Problem to work on:
Return only the number of lines in the data below where the word "photo" appears.

BEGIN Data under study

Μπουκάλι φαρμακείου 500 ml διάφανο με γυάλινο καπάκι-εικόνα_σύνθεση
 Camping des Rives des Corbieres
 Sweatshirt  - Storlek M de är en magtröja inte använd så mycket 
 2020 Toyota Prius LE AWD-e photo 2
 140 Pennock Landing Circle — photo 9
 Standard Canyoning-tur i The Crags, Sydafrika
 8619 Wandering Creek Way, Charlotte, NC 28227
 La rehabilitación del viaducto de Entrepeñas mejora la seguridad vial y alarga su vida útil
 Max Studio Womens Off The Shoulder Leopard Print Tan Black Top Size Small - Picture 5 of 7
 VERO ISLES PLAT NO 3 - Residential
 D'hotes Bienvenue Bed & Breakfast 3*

END Data under study

Solution:
2